[Brief descriptive captions]:
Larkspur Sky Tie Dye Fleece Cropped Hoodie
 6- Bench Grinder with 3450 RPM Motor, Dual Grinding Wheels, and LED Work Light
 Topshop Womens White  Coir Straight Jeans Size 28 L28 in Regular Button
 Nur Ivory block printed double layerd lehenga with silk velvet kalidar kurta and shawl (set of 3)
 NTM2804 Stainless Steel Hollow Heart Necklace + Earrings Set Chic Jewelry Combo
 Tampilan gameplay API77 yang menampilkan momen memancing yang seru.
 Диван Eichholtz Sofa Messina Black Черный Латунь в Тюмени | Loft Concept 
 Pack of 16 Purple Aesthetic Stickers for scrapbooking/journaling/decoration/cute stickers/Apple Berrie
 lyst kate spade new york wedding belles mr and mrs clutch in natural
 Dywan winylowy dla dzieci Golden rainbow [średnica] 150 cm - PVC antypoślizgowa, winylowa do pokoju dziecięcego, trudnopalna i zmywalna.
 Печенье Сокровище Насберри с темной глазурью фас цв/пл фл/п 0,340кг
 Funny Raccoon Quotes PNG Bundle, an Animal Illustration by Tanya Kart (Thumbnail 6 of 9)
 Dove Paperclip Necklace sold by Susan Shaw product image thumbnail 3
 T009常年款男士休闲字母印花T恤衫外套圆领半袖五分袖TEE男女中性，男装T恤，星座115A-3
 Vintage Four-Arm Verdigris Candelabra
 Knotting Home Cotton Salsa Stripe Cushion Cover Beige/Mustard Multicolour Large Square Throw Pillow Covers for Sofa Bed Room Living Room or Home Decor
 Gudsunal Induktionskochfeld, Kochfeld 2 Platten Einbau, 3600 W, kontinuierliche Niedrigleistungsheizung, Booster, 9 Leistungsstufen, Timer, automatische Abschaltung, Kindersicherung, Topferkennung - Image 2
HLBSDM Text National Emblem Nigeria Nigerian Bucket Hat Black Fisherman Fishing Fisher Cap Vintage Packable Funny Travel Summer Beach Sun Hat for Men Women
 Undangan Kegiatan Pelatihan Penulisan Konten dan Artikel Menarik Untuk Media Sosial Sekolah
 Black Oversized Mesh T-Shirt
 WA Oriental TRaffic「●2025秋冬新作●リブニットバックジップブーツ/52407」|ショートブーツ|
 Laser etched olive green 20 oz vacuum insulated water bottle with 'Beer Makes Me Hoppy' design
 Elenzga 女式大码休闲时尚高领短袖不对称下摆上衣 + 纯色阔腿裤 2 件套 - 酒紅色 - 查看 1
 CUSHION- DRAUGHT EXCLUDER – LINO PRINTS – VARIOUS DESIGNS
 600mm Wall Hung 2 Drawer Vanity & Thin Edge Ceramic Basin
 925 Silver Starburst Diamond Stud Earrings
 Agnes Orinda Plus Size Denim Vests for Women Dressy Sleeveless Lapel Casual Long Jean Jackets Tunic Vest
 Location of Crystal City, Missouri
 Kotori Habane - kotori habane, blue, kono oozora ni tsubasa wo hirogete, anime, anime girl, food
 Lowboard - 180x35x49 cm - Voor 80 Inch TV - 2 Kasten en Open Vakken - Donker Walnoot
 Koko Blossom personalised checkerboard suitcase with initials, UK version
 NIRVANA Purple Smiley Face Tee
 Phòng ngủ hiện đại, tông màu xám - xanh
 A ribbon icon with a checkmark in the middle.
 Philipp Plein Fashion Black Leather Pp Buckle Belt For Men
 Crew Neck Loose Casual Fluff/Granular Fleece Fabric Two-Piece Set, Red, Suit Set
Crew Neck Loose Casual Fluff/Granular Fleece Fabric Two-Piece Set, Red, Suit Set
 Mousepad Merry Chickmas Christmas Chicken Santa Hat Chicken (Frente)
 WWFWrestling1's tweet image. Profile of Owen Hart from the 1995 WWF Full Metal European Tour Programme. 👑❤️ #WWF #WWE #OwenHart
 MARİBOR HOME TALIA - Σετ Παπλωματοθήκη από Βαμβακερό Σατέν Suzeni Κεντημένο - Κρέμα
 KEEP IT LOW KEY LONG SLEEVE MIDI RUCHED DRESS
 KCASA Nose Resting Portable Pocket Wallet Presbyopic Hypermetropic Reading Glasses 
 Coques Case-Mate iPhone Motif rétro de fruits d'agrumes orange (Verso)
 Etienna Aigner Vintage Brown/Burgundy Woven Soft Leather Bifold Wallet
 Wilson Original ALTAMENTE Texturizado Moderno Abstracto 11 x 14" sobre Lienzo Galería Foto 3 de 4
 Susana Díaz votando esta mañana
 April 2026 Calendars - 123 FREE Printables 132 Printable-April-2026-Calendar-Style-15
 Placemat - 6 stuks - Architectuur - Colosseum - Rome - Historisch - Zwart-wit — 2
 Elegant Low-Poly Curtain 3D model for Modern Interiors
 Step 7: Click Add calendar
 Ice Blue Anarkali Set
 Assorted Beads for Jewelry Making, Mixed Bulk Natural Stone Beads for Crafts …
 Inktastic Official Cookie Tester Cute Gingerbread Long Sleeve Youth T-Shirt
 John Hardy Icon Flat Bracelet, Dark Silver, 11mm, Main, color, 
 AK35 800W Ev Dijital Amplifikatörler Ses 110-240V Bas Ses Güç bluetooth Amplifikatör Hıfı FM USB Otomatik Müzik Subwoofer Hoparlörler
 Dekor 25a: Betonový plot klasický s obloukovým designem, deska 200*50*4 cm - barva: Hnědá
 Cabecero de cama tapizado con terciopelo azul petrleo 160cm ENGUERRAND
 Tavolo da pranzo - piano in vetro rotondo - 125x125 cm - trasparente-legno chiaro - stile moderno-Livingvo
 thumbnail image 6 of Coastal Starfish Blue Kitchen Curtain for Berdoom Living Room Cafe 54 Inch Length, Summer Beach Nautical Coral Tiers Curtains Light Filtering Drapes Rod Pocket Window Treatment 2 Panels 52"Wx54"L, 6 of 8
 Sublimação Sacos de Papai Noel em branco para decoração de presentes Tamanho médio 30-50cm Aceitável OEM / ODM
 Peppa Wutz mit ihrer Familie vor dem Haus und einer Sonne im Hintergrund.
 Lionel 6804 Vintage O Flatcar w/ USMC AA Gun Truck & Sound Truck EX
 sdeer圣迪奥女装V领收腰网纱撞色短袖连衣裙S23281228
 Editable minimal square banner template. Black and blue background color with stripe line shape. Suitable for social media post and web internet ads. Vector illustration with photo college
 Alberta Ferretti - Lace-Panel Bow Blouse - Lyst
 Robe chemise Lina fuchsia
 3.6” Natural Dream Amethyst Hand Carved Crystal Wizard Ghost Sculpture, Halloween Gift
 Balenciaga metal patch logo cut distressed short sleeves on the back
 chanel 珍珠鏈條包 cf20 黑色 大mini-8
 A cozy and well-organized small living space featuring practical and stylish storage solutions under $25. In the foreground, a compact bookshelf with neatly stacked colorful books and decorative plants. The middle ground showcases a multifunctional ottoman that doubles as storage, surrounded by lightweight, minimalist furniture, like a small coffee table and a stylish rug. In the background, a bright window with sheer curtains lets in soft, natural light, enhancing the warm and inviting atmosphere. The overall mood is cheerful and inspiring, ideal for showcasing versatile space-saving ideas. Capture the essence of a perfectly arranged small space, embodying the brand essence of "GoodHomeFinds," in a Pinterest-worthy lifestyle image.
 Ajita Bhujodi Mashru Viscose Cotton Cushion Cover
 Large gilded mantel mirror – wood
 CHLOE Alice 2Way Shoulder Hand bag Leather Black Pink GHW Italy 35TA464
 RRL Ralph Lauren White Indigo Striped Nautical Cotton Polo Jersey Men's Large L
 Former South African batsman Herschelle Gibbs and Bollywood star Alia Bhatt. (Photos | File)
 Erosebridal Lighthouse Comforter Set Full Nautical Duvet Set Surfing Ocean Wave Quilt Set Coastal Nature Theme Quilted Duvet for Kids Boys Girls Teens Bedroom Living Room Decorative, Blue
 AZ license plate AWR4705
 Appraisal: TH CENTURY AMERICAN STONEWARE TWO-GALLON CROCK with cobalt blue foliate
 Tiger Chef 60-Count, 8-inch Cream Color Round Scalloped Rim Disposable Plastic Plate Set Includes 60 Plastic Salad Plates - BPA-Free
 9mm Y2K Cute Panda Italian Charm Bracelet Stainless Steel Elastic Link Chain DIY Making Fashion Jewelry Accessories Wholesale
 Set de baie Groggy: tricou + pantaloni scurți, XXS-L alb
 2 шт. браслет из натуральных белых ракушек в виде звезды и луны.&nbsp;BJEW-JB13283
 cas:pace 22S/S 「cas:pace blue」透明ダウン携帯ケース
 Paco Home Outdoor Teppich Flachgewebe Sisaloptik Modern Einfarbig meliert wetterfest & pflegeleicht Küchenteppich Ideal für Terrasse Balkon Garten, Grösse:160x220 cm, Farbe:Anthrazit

[EXERCISE]:
Print exactly the lines above, between the one holding "Knotting Home Cotton" and the one holding "600mm Wall Hung", inclusive, and nothing besides.

[ANSWER FOR THE TASK]:
 Knotting Home Cotton Salsa Stripe Cushion Cover Beige/Mustard Multicolour Large Square Throw Pillow Covers for Sofa Bed Room Living Room or Home Decor
 Gudsunal Induktionskochfeld, Kochfeld 2 Platten Einbau, 3600 W, kontinuierliche Niedrigleistungsheizung, Booster, 9 Leistungsstufen, Timer, automatische Abschaltung, Kindersicherung, Topferkennung - Image 2
HLBSDM Text National Emblem Nigeria Nigerian Bucket Hat Black Fisherman Fishing Fisher Cap Vintage Packable Funny Travel Summer Beach Sun Hat for Men Women
 Undangan Kegiatan Pelatihan Penulisan Konten dan Artikel Menarik Untuk Media Sosial Sekolah
 Black Oversized Mesh T-Shirt
 WA Oriental TRaffic「●2025秋冬新作●リブニットバックジップブーツ/52407」|ショートブーツ|
 Laser etched olive green 20 oz vacuum insulated water bottle with 'Beer Makes Me Hoppy' design
 Elenzga 女式大码休闲时尚高领短袖不对称下摆上衣 + 纯色阔腿裤 2 件套 - 酒紅色 - 查看 1
 CUSHION- DRAUGHT EXCLUDER – LINO PRINTS – VARIOUS DESIGNS
 600mm Wall Hung 2 Drawer Vanity & Thin Edge Ceramic Basin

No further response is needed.